▸ **DATA BELOW**:
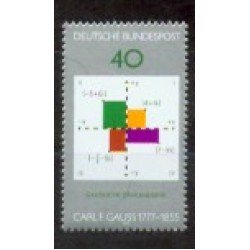 Alemania Federal - 775 - GERMANY 1977 Bicentenario del nacimiento de Gauss Lujo Alemania Federal - 775 - GERMANY 1977 Bicentenario del nacimiento de Gauss Lujo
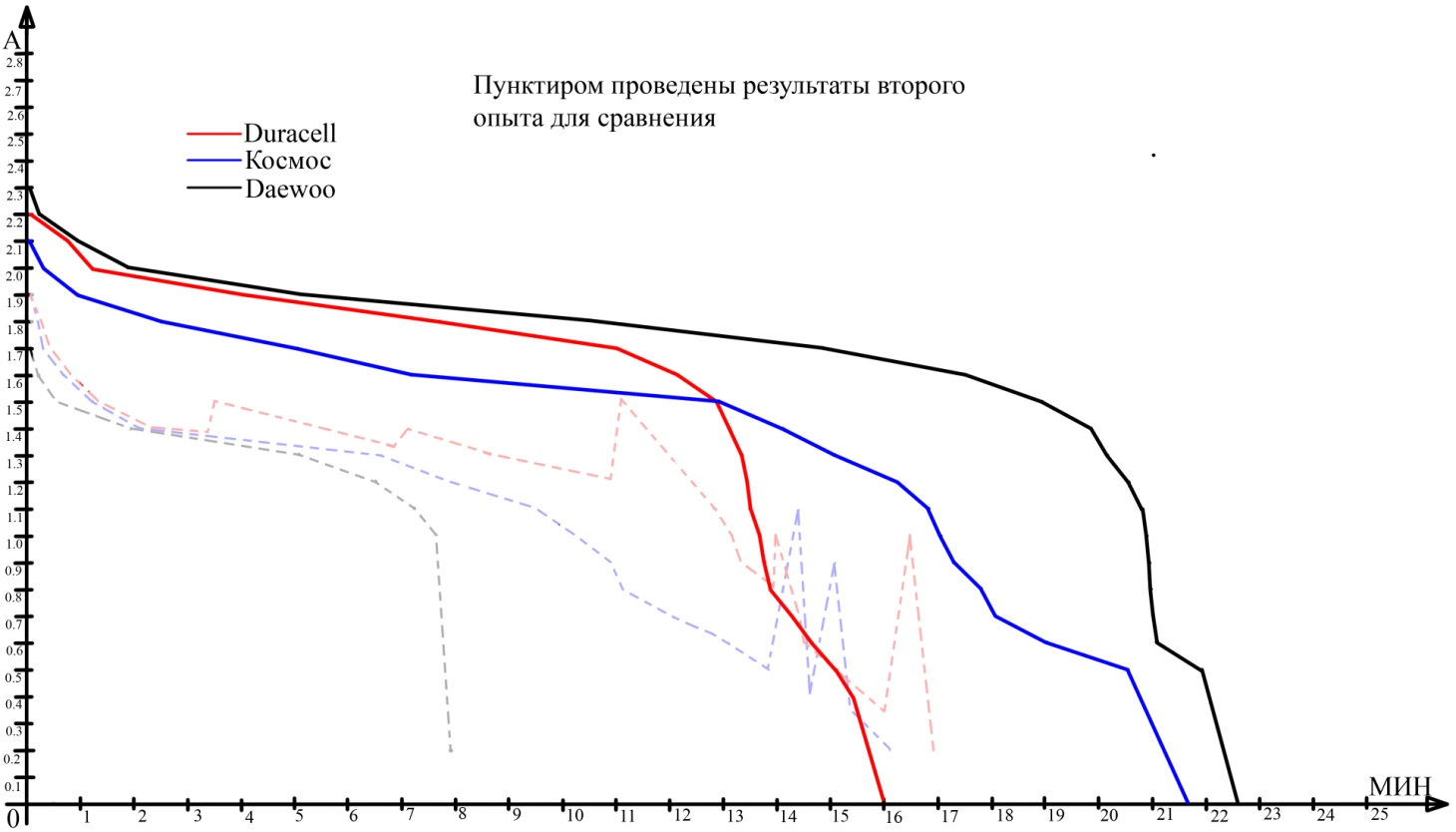 Исследовательская работа Сравнительный тест алкалиновых батареек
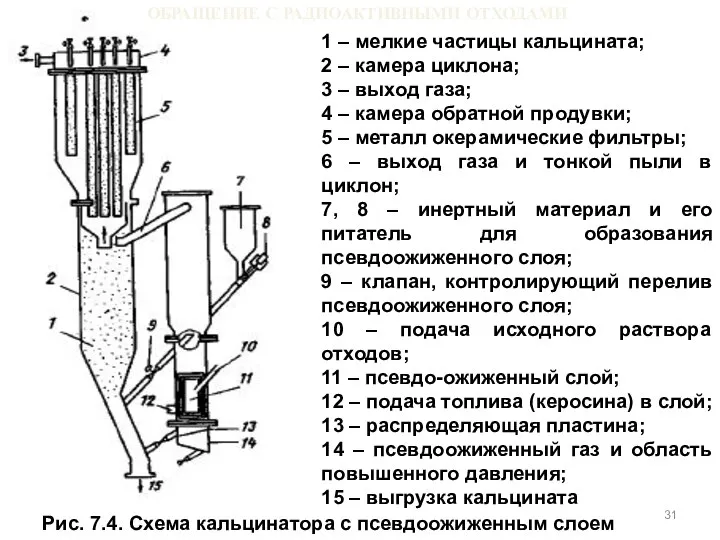 ОБРАЩЕНИЕ С РАДИОАКТИВНЫМИ ОТХОДАМИ 1 – мелкие частицы кальцината; 2 –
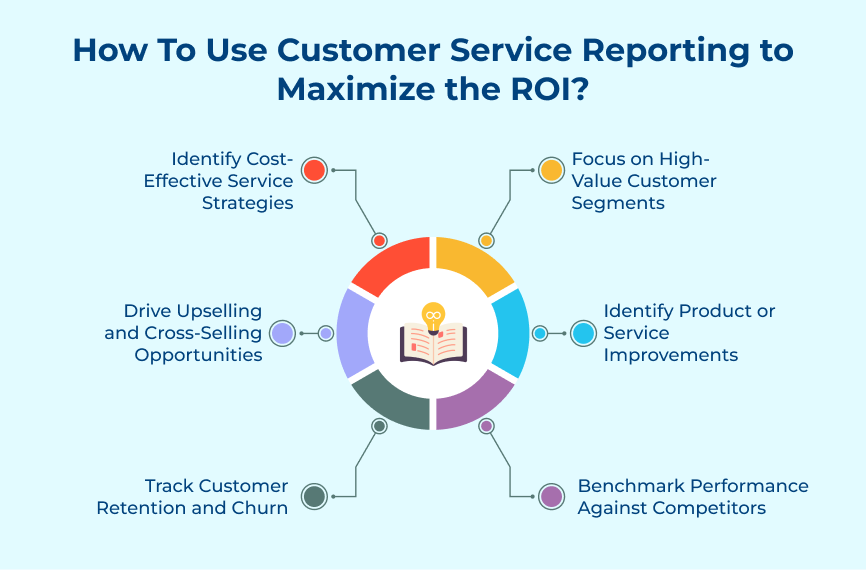 How To Use Customer Service Reporting to Maximize the ROI?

▸ **BRIEF**: I need the lines from the line containing "ОБРАЩЕНИЕ С РАДИОАКТИВНЫМИ" through the final line of the listing duplicated exactly, both ends included, with no pictures and nothing else.

▸ **ANSWER TO THE PROBLEM**:
 ОБРАЩЕНИЕ С РАДИОАКТИВНЫМИ ОТХОДАМИ 1 – мелкие частицы кальцината; 2 –
 How To Use Customer Service Reporting to Maximize the ROI?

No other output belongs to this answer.